Seriously. If anyone comments here at all, THERE WILL BE SPOILERS. So please don't read and then yell at me because you encountered spoilers. You were warned. (I will not reply to every comment; I call partial comment amnesty. But I may well join some of the discussion, or answer questions or whatnot.) I will be DELETING all comments containing spoilers which have been left on other posts. No one gets to spoil people here without a label.
You can also start a discussion at my website forums, with less need to be concerned that I will see everything you say! In case you wanted, you know, discussion free of authorial influence, since I always wind up getting involved in these things.
Have fun, and try not to bleed on the carpet.
September 7 2016, 05:37:12 UTC 10 months ago
Things are changing, and I wonder if Toby realizes just how much they're likely to change. Until recently she's been a local affair, but now her name is known throughout the Westlands. I understand the political angle to offering Toronto as a location for the wedding, but I'm thinking there may be more to it than that, that perhaps Aethlin and Maida want to send a message that they approve of this union, and particularly October.

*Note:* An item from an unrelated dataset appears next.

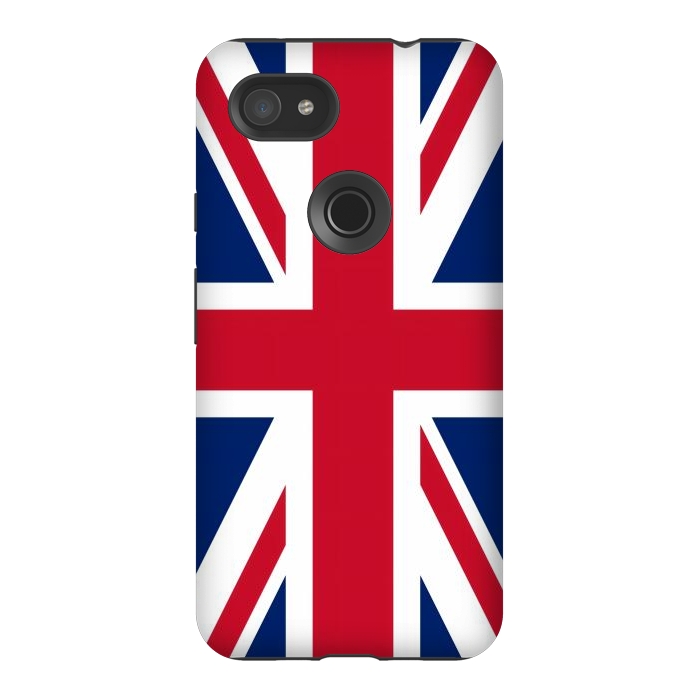 Pixel 3AXL StrongFit Union Jack Flag by JohnnyVillas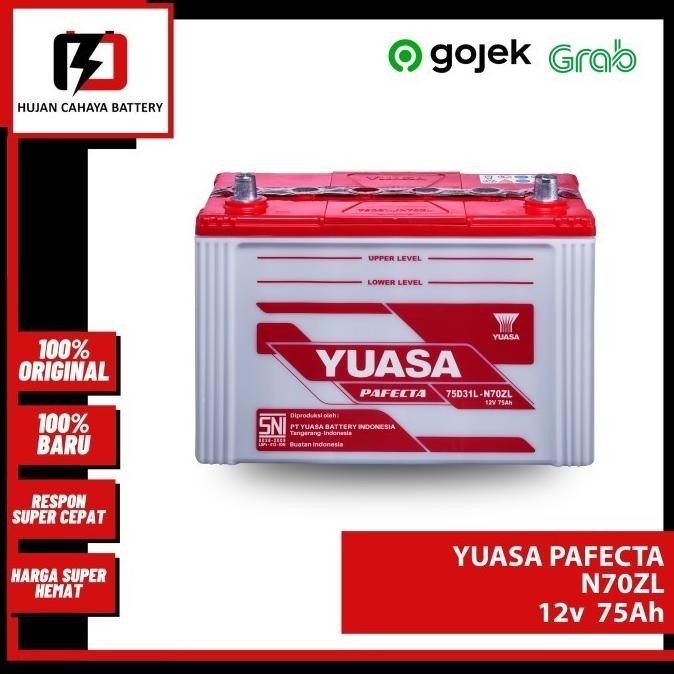 Promo Aki Mobil Yuasa Pafecta N70Zl / N-70-Zl /N 70 Zl-Aki Lexus 4.7 V8 2010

I loved the whole journey, from novel through novella, but I have to single out the part I loved absolutely the best. For the contest last month we were asked to name one thing we'd like to see in an upcoming Toby book. Mine was to see the rift between Toby and the Torquill's mended, and I'm delighted to see half that accomplished here. The other half, well, Sylvester was the easy part.
Oh, one last remark - Walther & Cassandra, ADORABLE.
The Brown children's heritage
September 7 2016, 21:51:10 UTC 10 months ago
Just throwing this out there: Perhaps they are the Roane reborn? I believe it was mentioned in one of the past books that they were a race of Seers. If true, this /would/ tie up quite a few loose ends, wouldn't it?
Re: The Brown children's heritage
September 7 2016, 23:48:45 UTC 10 months ago
RE: Re: The Brown children's heritage
September 8 2016, 01:18:25 UTC 10 months ago
RE: Re: The Brown children's heritage
September 9 2016, 13:58:35 UTC 10 months ago
I know, I said I'd stop asking because it ain't happening, but this is two books of taunting now. (And poor drunk Liz Ryan.)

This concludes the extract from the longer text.